Tony said:
(Aside: Use of complete sentences on USENET is a virtue).
Designing and implementing a hashing library is more difficult (say 5X to
10X) than a linked list. There are many more choices to consider for
implementation and more research and thought is therefor required (indeed,
one may need linked list techniques to implement hashtables if chaining is
chosen as the solution to collisions). The first hashtable one creates
will surely not be the last nor will there be only one hashtable design to
satisfy all needs. It will take a few (or a dozen) iterations and use over
time to settle and be satisfied with some "final" designs. The OP may want
to take a look at a C++ library for useful algorithms and design ideas if
that language is not a deterent to him, as those are evolved and robust
implementations. A container and algorithm library should have
cohesiveness and developing one container in isolation is a "myopic"
approach. Finally, a hashtable should not be the first container a noob
should try to create.
IMO, it is nowhere near that difficult...
hash tables are (conceptually) intimidating, but in practice are damn near
one of the simplest things to implement (well, ok, linked lists are maybe
simpler, but this is not always the case...).
well, ok, there are 3 major varieties of hash (my own terms here):
single-index hashes;
multi-index/iterative hashes;
chained hashes.
a single-index hash is what I could also call a "cache hash", basically, one
computes the index, and checks the item at the index. if it is a match, the
lookup succeeded, so do whatever. if it is not a match, do whatever and put
the result in this spot in the hash (so that it will be found next time).
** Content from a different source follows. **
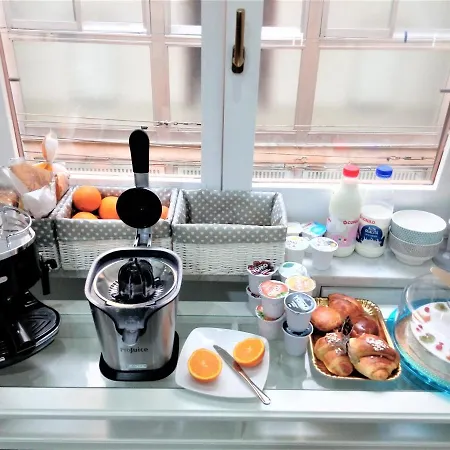 Symposion Couette-café Naples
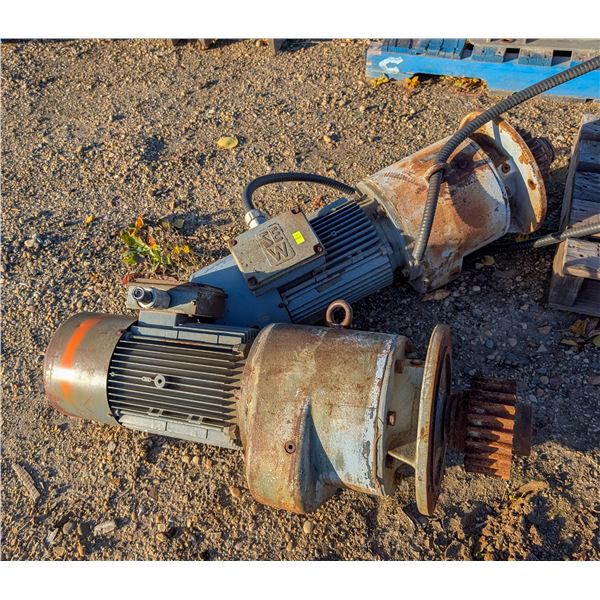 LOT OF 2 ELECTRIC MOTORS *AS IS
IMO, this approach is very simple (maybe only a few lines of code in many
cases), and does speedup many operations (primarily lookups), but is not
good for "exact" lookups (since collisions will typically replace whatever
key was there before...).
iterative hashing:
an iterative hash basically differs from the above in that:
usually the hash table is larger (since now the hash actually needs to store
stuff);
usually, whenever there is a colision, some means is needed to calculate a
new "subsequent" key.
however, it has a few added costs:
the hash table can fill up;
resizing the table typically requires an awkward "re-hash" process;
if this is done, any existing literal indices into the table will be
invalidated.
this leads to 2 solutions:
make the hash larger than the maximum number of items it may reasonably
contain (the hash-table filling up can then be regarded as a "fatal" error);
don't hold literal indices into the table, thus resizing/rehashing is safe.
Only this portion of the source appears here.